* _EXERCISE REQUIREMENTS_:
Pictures are to be left out. Return exactly the lines below from the one with "Oval Green Jade" up to and including the one with "CUBA, Varadero, beach, thatched".

* _SUPPLIED DATA_:

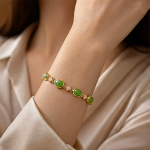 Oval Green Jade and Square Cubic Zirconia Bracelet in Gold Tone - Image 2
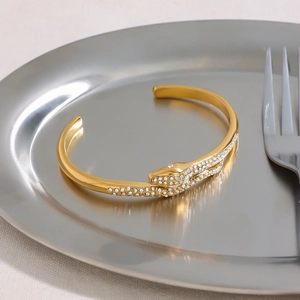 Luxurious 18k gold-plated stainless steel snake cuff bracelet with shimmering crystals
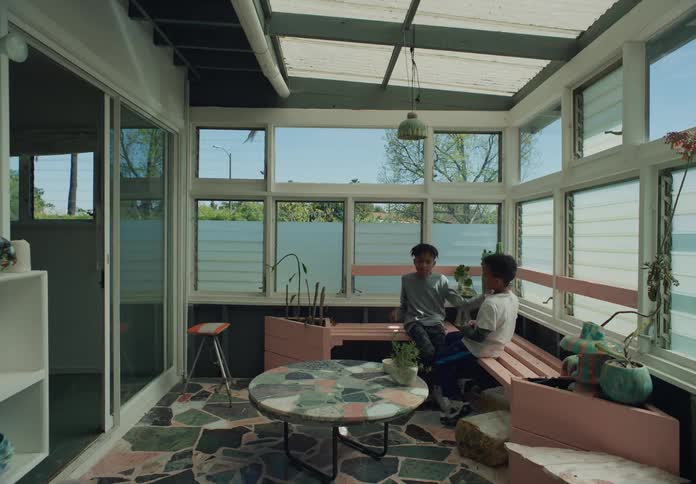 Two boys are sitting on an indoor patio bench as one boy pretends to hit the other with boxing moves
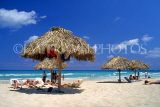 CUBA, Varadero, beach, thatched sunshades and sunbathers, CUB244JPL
--
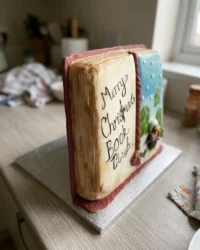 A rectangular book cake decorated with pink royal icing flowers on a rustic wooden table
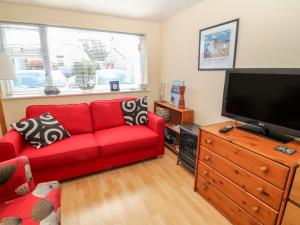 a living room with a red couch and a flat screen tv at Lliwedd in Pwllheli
==
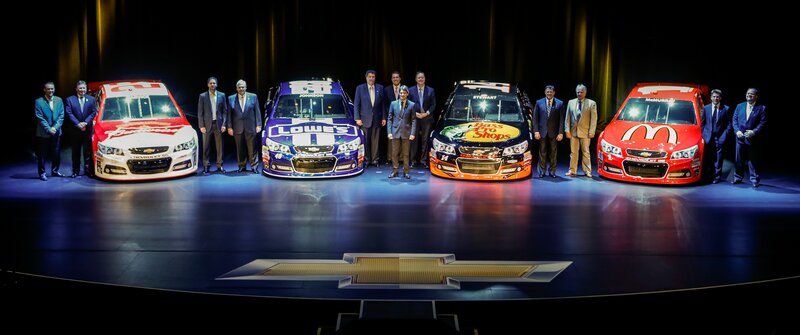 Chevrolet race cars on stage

* _YOUR SOLUTION_:
 Oval Green Jade and Square Cubic Zirconia Bracelet in Gold Tone - Image 2
 Luxurious 18k gold-plated stainless steel snake cuff bracelet with shimmering crystals
 Two boys are sitting on an indoor patio bench as one boy pretends to hit the other with boxing moves
 CUBA, Varadero, beach, thatched sunshades and sunbathers, CUB244JPL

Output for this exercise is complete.